Thursday, April 11, 2013

Why I Race

I've been realizing more and more why it is that I like (love?) to race my bike. Yes, I love to ride. Yes, I love to push myself as hard as possible on the bike. Yes, I like the sense of accomplishment. Yes, I like the rewards that hopefully result (though the disappointment is often bitter, it is still a learning experience for the next time!).

But there is another aspect to racing that is equally important - the people and the camaraderie, the social interaction, the encouragement.

This past weekend was the first race in the Root 66 Race Series - Hop Brook Dam. The last time Mike and I did this race, it was 38 degrees, pouring rain and I was worried about getting some sort of infection from all of the dirt and grime in my bike shorts. Sunday was sunny though, the trails were dry, and the temps were reasonably mild. The conditions were going to be great.
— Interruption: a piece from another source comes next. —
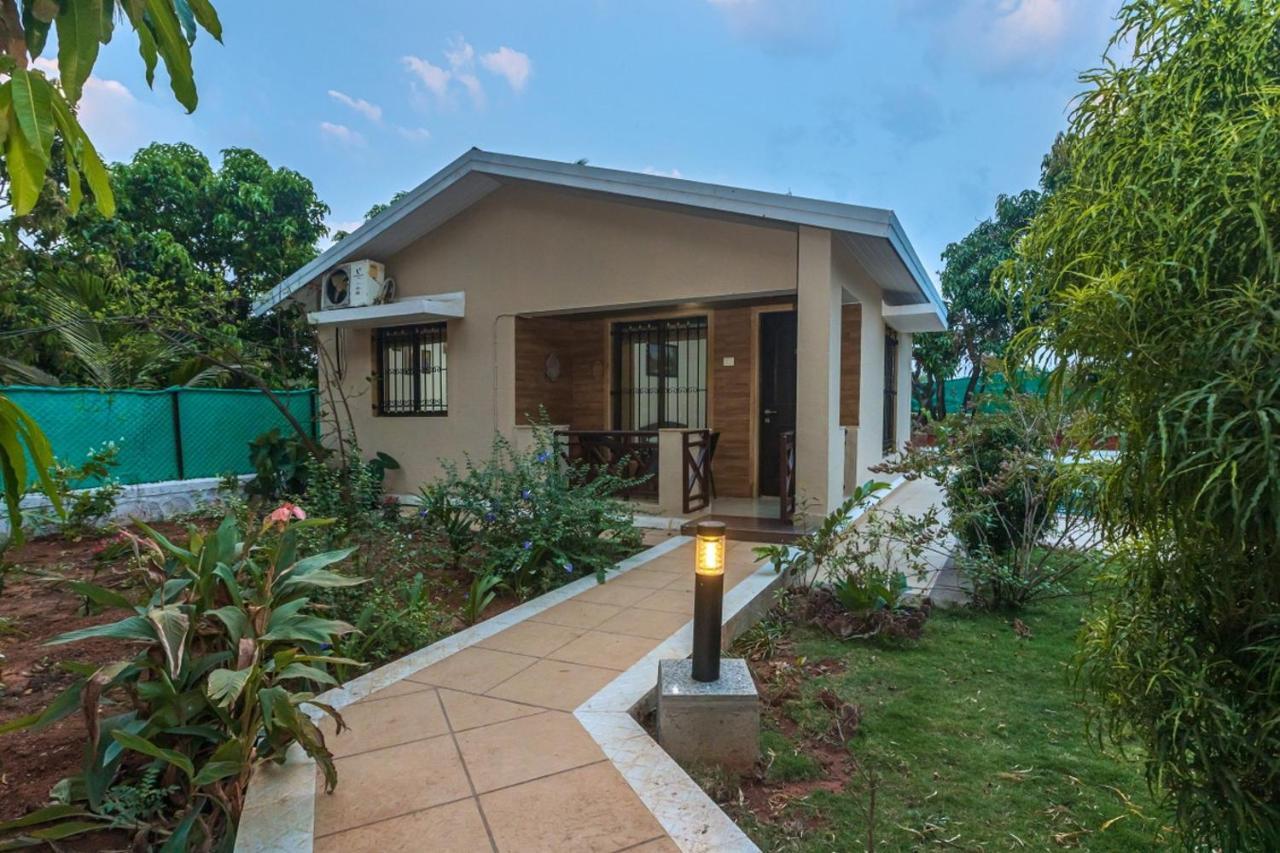 Saffronstays Serene Retreat, Alibaug Alibag Exterior photo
The night prior to the race, Liz A posted something on Facebook about drinking wine the night before a race. Before we even got to the venue, a few of us from the Women's Cat 1 and Pro fields were bantering back and forth about drinking and racing - having some great laughs. This carried over to race day as we met, laughed and caught up. Other racers we hadn't seen since last season gave hugs, handshakes and we spent a lot of time before the race socializing. This really set the tone for the remainder of the day.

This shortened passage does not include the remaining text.